I will be speaking on my research into topological data analysis for political data sets at the University of Edinburgh, at 4:10pm on 15th October, in Room 6206, James Clerk Maxwell Building.
Data Analysis on politics data
Data analysis has played a growing role in politics for many years now; analyzing polling data to predict outcomes of elections is perhaps the most well-known application.

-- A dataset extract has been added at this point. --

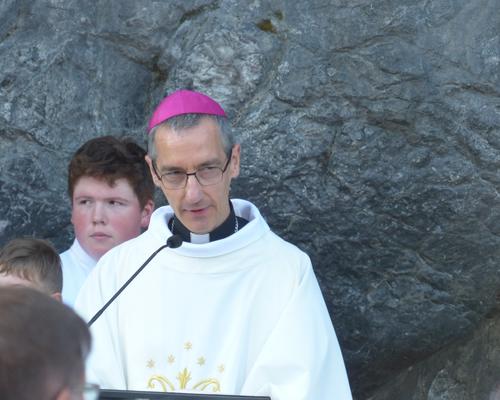 Lourdes2018-photos messe grotte (44)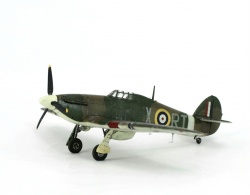 Academy 1/72 Hawker Hurricane Mk.I: 1754765673_9.jpg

A different approach that has gotten more and more traction lately is to analyze the voting behaviour of elected representatives as a way to understand the inner workings of parliaments, and to monitor the elected representatives to make sure they behave as they once promised. Sites like GovTrack and VoteView bring machine learning and data analysis tools to the citizens, and illustrate and visualize the groupings and behaviour in political administration.
One key step to make parliamentary data accessible for data analysis is to recognize that the data set is inherently geometric; the sequence of votes cast in a parliamentary session can be seen as coordinates for a very high-dimensional vector — say +1 for Yea, -1 for Nay, and 0 otherwise. This way, each member of parliament is represented by a vector; and members who agree with each other will be close to each other in the resulting vector space.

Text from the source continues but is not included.